TASK GOAL:
Set down the full listing exactly as given. Any pictures are to be left out.

AVAILABLE DATA:
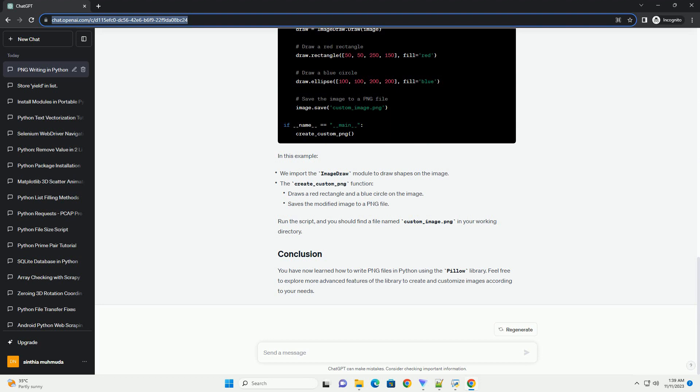You have now learned how to write PNG files in Python using the Pillow library. Feel free to explore more advanced features of the library to create and customize images according to your needs.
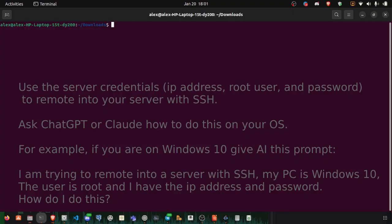I'll show you how to do it on Ubuntu here for the sake of the tutorial, but you will need to ask Claude or ChatGPT how to do this for your particular operating system like Windows or Mac, but it shouldn't be too hard.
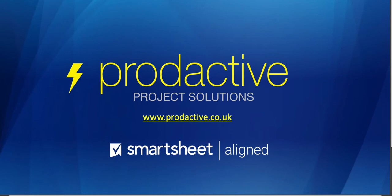Hi, this is Richard Coles from Productive Project Solutions. In this video I'm going to give a quick overview of the Smartsheet for Outlook add-in.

OUTPUT OF THE TASK:
You have now learned how to write PNG files in Python using the Pillow library. Feel free to explore more advanced features of the library to create and customize images according to your needs.
I'll show you how to do it on Ubuntu here for the sake of the tutorial, but you will need to ask Claude or ChatGPT how to do this for your particular operating system like Windows or Mac, but it shouldn't be too hard.
Hi, this is Richard Coles from Productive Project Solutions. In this video I'm going to give a quick overview of the Smartsheet for Outlook add-in.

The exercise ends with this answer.